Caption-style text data
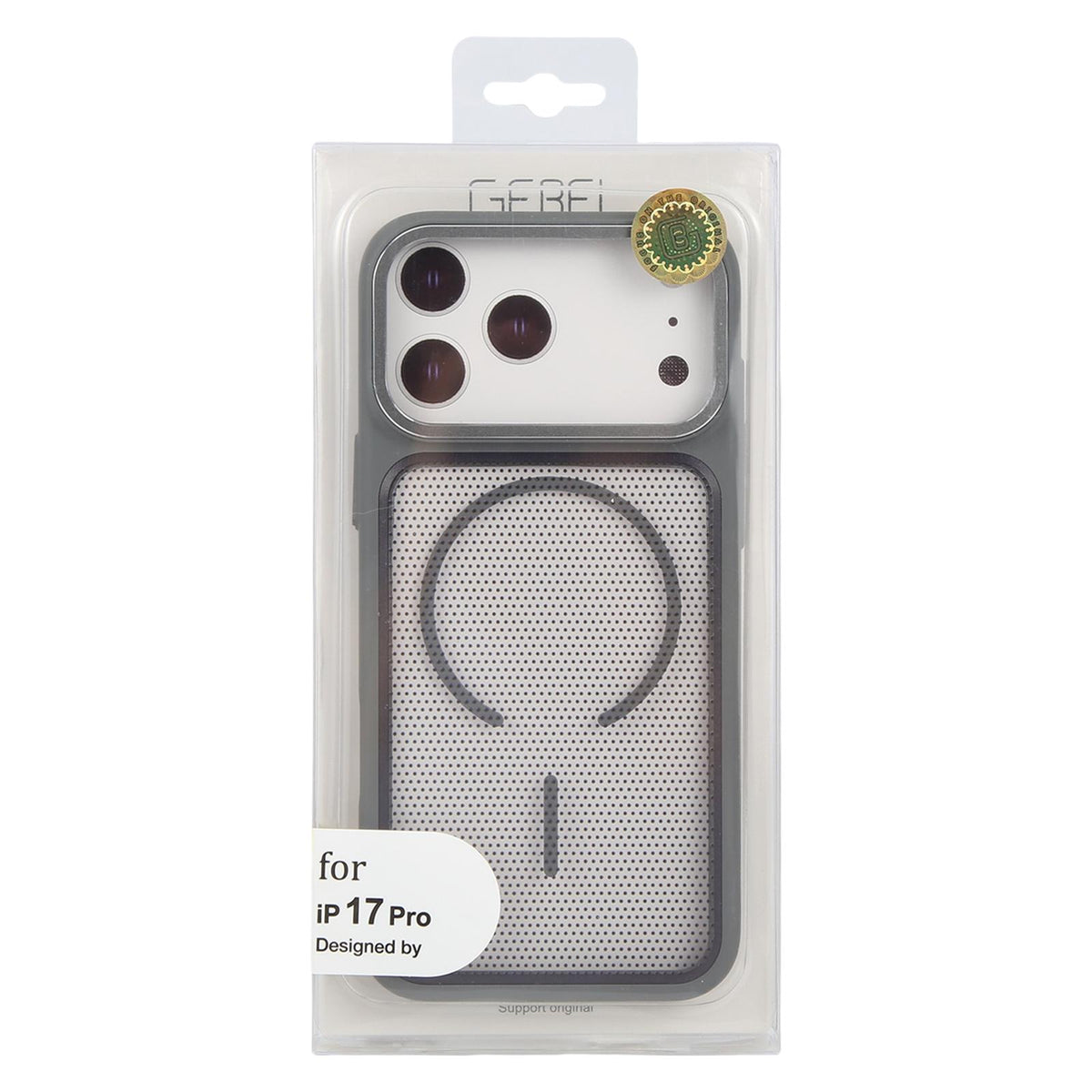 For iPhone 17 Pro GEBEI Skin Feel Starry Dot Magnetic Phone Case - Grey - EDA009915902E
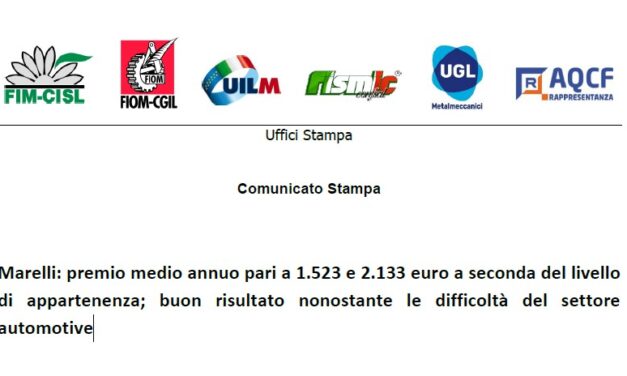 Marelli: premio medio annuo pari a 1.523 e 2.133 euro a seconda del livello di appartenenza; buon risultato nonostante le difficoltà del settore automotive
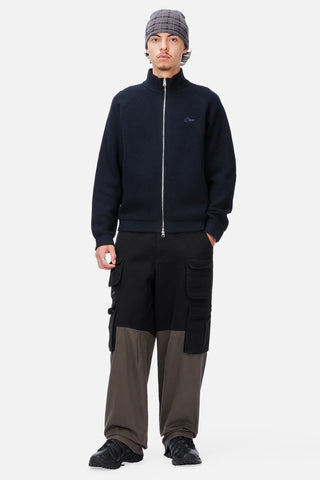 Front view of Dime Knitted Pique Zip Sweater in Dark Navy with a two-way silver zipper, raglan sleeves, and subtle left-chest logo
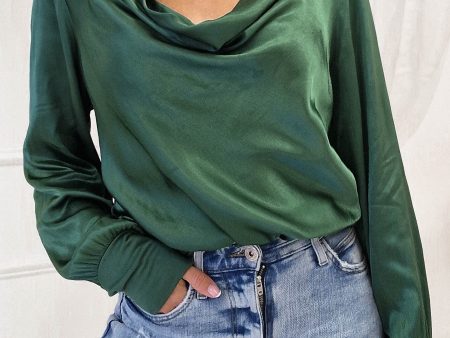 Pamela Satin Long Sleeve Top | Green Supply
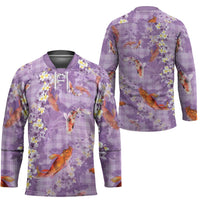 Purple Palaka Hawaiian And Japanese Hockey Jersey Sakura Lei With Koi Fish DT05 - Polynesian Pride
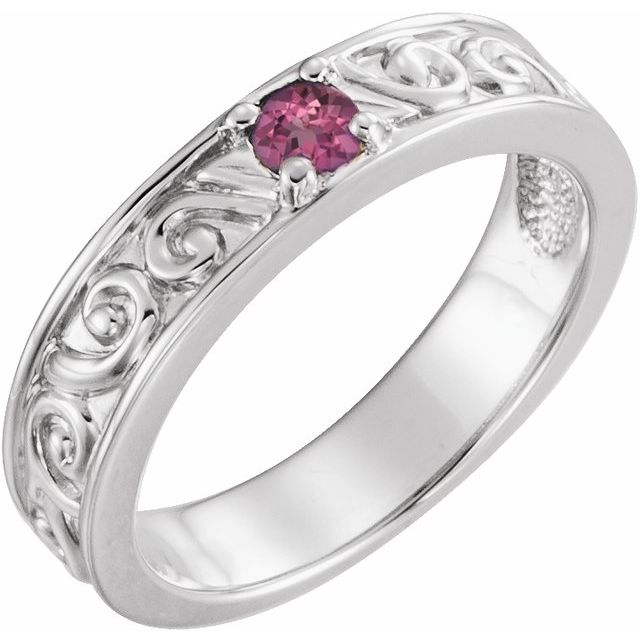 Round Natural Pink Tourmaline Family Stackable Ring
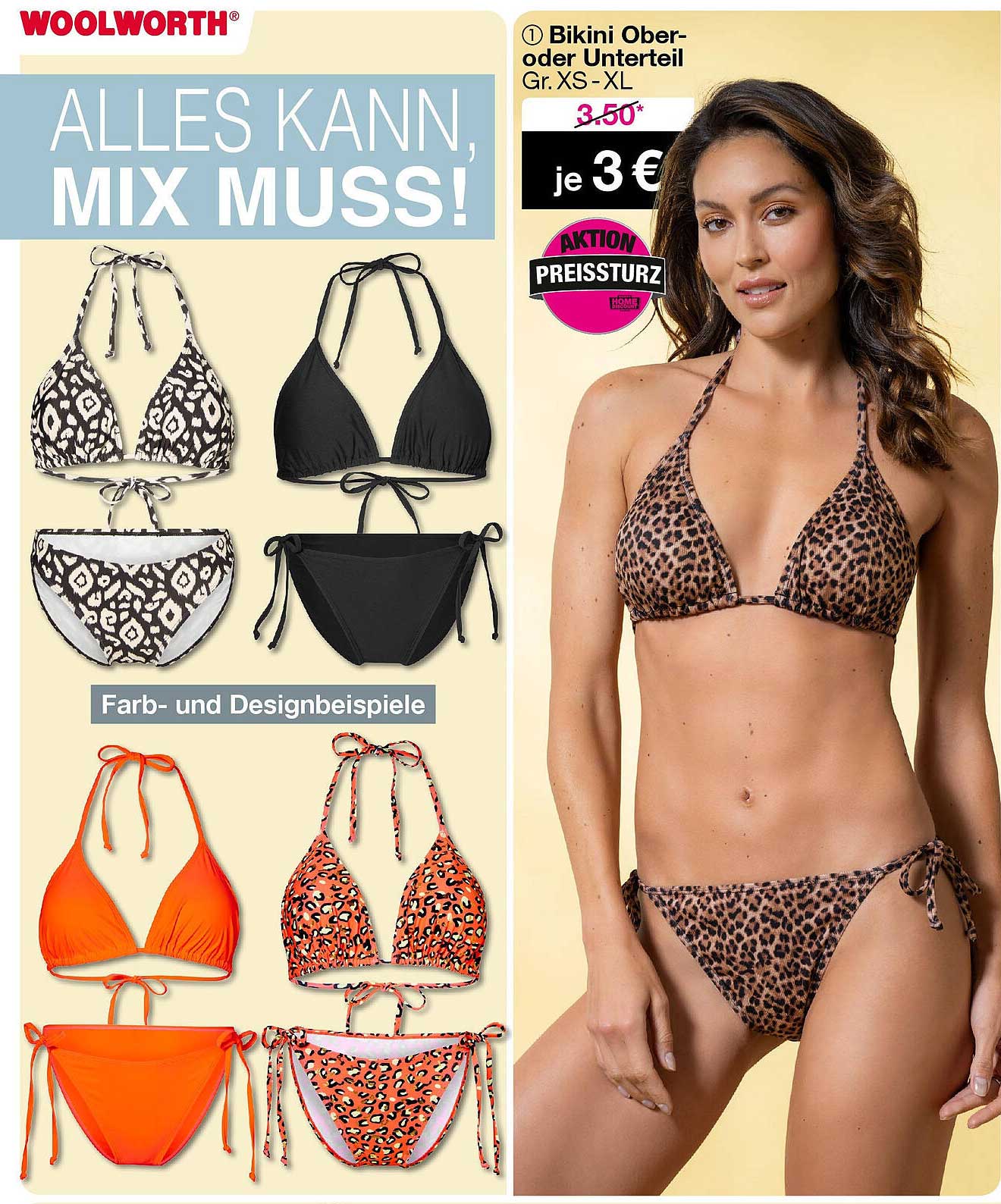 Bikini Ober- oder Unterteil Gr. XS-XL für 3 €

_Requirement_.
The records above should be written out in full and unchanged, except that pictures are dropped.

_Answer for this exercise_.
 For iPhone 17 Pro GEBEI Skin Feel Starry Dot Magnetic Phone Case - Grey - EDA009915902E
 Marelli: premio medio annuo pari a 1.523 e 2.133 euro a seconda del livello di appartenenza; buon risultato nonostante le difficoltà del settore automotive
 Front view of Dime Knitted Pique Zip Sweater in Dark Navy with a two-way silver zipper, raglan sleeves, and subtle left-chest logo
 Pamela Satin Long Sleeve Top | Green Supply
 Purple Palaka Hawaiian And Japanese Hockey Jersey Sakura Lei With Koi Fish DT05 - Polynesian Pride
 Round Natural Pink Tourmaline Family Stackable Ring
 Bikini Ober- oder Unterteil Gr. XS-XL für 3 €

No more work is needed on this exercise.